На трассе — непогода (Герасимов) - страница 64

— Ну, все наконец, — сказал Спешнев. — Только еще один пункт, Миша. Кирилл Максимович ведь завтра…

— Знаю, — перебил Жарников, хотя на самом деле за всей этой кутерьмой успел забыть о приезде заместителя министра. — Ну, и что?

— А если тебя не будет?

— Сам покажешь завод. Или не сможешь?

— Смогу, конечно, да что ответить?..

— Так и ответь, как Зыкин говорил: к женщине директор уехал.

— Но, Миша…

— Что Миша? Не дурак же он, Кирилл Максимович, поймет, что холостым мужик всю жизнь жить не может. А этот паникер у тебя еще?

Тут же ворвался голос Зыкина:

— Ты почему меня так называешь?

— Слушаешь? — усмехнулся Жарников. — Так вот, слушай: я ведь таксист хороший.

— Не понял, — сказал Зыкин.

— А ты подумай. И будь здоров! — ответил Жарников и повесил трубку.

Насчет таксиста он, конечно, зря, сам ведь не любил, когда так капризничали начальники цехов или служб: мол, я и уйти могу, зачем мне эта должность, когда у меня специальность редкая. Все это вранье: тот, кто стал организатором, им же и будет. Зря он расхвастался своей жизнью. Вот же заныла душа, когда сидел на стуле и слушал рассказ человека за углом коридора. Ведь не случайно это…

Жарников вышел на крыльцо, уже рассвело, дождь перестал, и низко стелился туман над лужами, жидкий свет расползался вокруг, и низкое небо было непроглядно белым, и от вида этого серого утра едва зародившаяся тоска усилилась в Жарникове. Спать ему не хотелось, не хотелось возвращаться в душную комнату, чтобы ворочаться там на кровати, и он побрел по мокрой дорожке, продолжая думать о своем.

Да, что-то утратил он после того, как стал директором, жизнь сдвинулась и стала чем-то напоминать конус: у основания — дело, работа, она расширилась, захватив самую большую площадь, а на вершинке — его личное, душевное; мир, расширившись в одном, сузился в другом. Уже нельзя было бесцельно погулять по городу, нельзя было пойти с приятелями после смены в забегаловку, чтобы выпить по кружке пивка, много появилось этих «нельзя», даже о женщине, о которой думал он в часы бессонницы — другого времени для этого не было, — должен был молчать, и людей вокруг стало мало, это у него-то, заводилы, любящего сборища и шумные застолья.

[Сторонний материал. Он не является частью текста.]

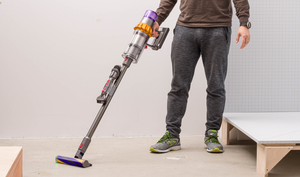 Cordless Stick Vacuum V15 Detect Absolute with LCD Screen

Правда, был у него один день из недели, который он и любил больше остальных, — это когда шел директорский прием; в кабинет его собирались представители парткома, завкома, начальники служб, они садились все вместе за отдельный стол, чтобы Жарников мог сразу получить нужную справку на жалобу или же решить эту жалобу тут же, на месте. Кабинет его в этот день был открыт для всех, кто желал с ним встречи, и люди приходили, садились по другую сторону стола, он близко видел их глаза, жадно слушал их рассказы, а они были самые разные: о спорах с мастерами, о жилье, о яслях, о любовницах и женах, — и он улавливал в этих рассказах сложную и многопутаную жизнь поселка, пытался проникнуть в нее, найти закономерности, схожие с теми, которым подчинялось производство, и всегда у него оставалось ощущение — он так и не понял чего-то главного; где-то рядом шла своя жизнь, могучий поток, а он стоял на берегу. Странно, что близкое этому чувство оставалось у него после каждой встречи с Ниной: он никогда не знал, что может выкинуть она в следующую секунду, она могла вдруг встать и порывисто уйти, оттолкнуть его, он не понимал, чем она живет, что таится в ее душе, она была близкой и далекой, и, может быть, больше всего его мучало желание проникнуть в ее незнакомый ему мир.